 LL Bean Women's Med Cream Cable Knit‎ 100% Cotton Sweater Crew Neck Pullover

==

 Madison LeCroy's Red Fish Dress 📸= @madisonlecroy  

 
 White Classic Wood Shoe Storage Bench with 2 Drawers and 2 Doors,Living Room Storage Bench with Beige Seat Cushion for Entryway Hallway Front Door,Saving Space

*TASK REQUIREMENTS:* Within the material above, output exactly the lines from the one with "Madison LeCroy's Red" through the one with "White Classic Wood", end lines included, and nothing besides.

*THE COMPLETED TASK:*
 Madison LeCroy's Red Fish Dress 📸= @madisonlecroy  

 
 White Classic Wood Shoe Storage Bench with 2 Drawers and 2 Doors,Living Room Storage Bench with Beige Seat Cushion for Entryway Hallway Front Door,Saving Space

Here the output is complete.